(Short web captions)
#####

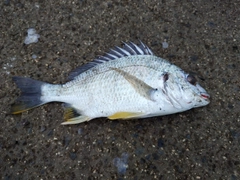 キチヌの釣果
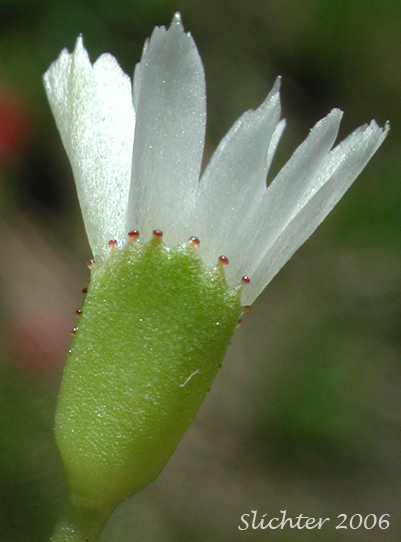 Close-up of the sepals of Alpine Lewisia, Alpine Bitter-root, Dwarf Lewisia, Pygmy Lewisia: Lewisia pygmaea (Synonyms: Calandrinia grayi, Calandrinia pygmaea, Lewisia exarticulata, Lewisia glandulosa, Lewisia minima, Lewisia pygmaea var. aridorum, Lewisia pygmaea var. pygmaea, Lewisia pygmaeum, Lewisia pygmaeum var. aridorum, Lewisia sierrae, Oreobroma aridorum, Oreobroma pygmaeum, Talinum pygmaeum)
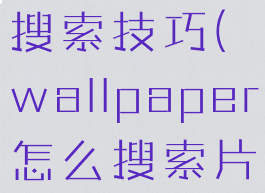 wallpaper搜索技巧(wallpaper怎么搜索片)
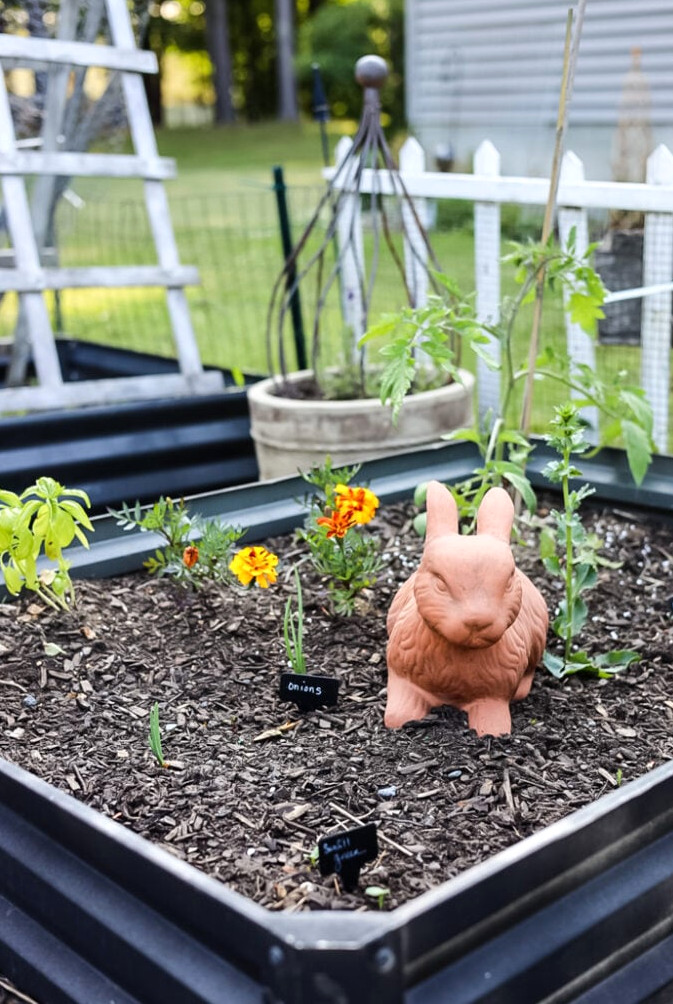raised garden bed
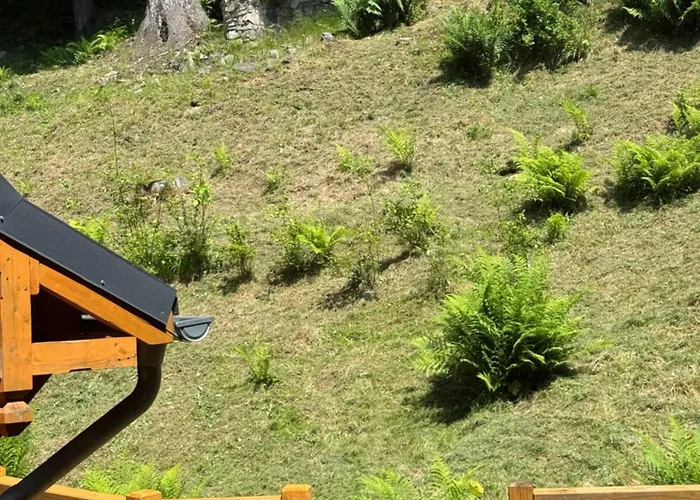 Alpejski Dwor Miedzygorze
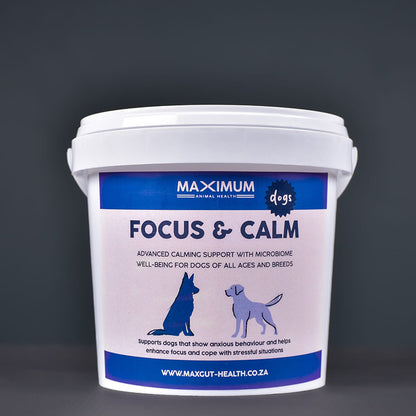 Max Focus & Calm for Dogs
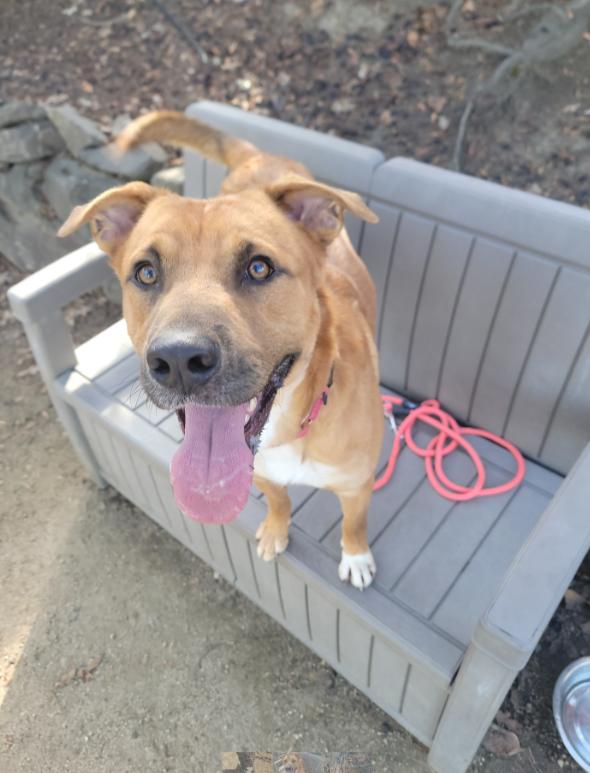Enlarge Acorn, an adopted mixed breed in Phoenix, OR image 5/6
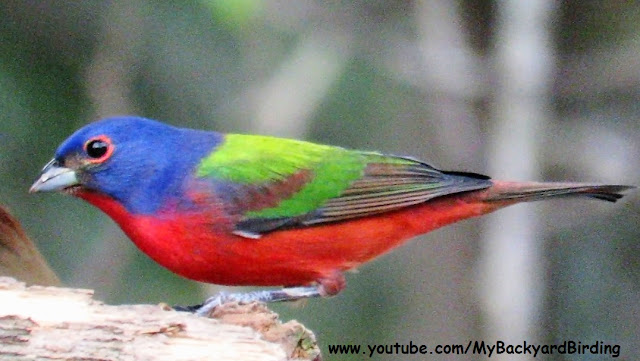 Painted Buntings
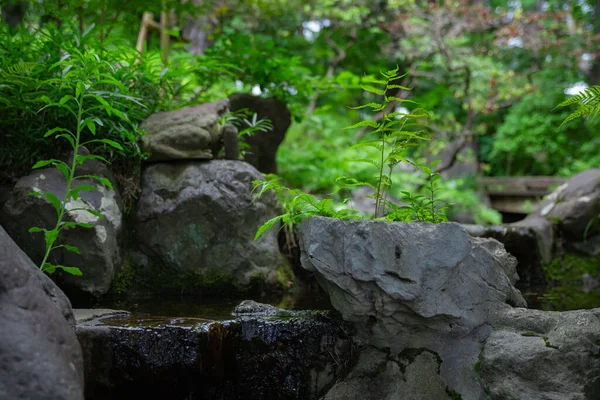Yeşil Ormanda Bir Orman Deresi Kapanır Yüksek Kalite Fotoğraf Kokubunji — Stok fotoğraf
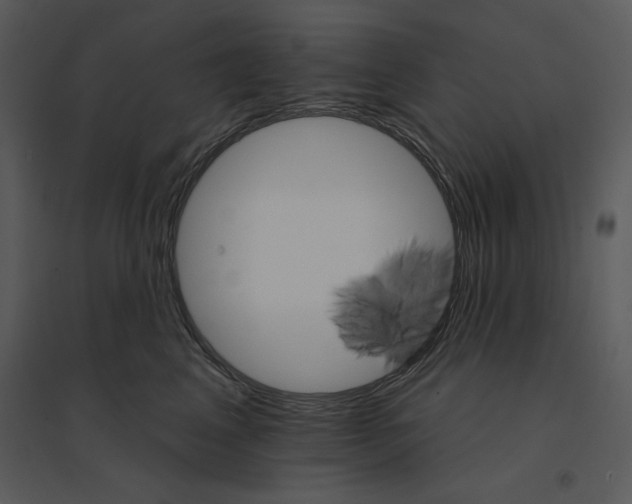 X0000095550617200801041332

#####

The result is an exact copy of the lines from the one holding "Close-up of the" through the final line of the data above, both ends included, minus the pictures.

- **Task result**
 Close-up of the sepals of Alpine Lewisia, Alpine Bitter-root, Dwarf Lewisia, Pygmy Lewisia: Lewisia pygmaea (Synonyms: Calandrinia grayi, Calandrinia pygmaea, Lewisia exarticulata, Lewisia glandulosa, Lewisia minima, Lewisia pygmaea var. aridorum, Lewisia pygmaea var. pygmaea, Lewisia pygmaeum, Lewisia pygmaeum var. aridorum, Lewisia sierrae, Oreobroma aridorum, Oreobroma pygmaeum, Talinum pygmaeum)
 wallpaper搜索技巧(wallpaper怎么搜索片)
raised garden bed
 Alpejski Dwor Miedzygorze
 Max Focus & Calm for Dogs
Enlarge Acorn, an adopted mixed breed in Phoenix, OR image 5/6
 Painted Buntings
Yeşil Ormanda Bir Orman Deresi Kapanır Yüksek Kalite Fotoğraf Kokubunji — Stok fotoğraf
 X0000095550617200801041332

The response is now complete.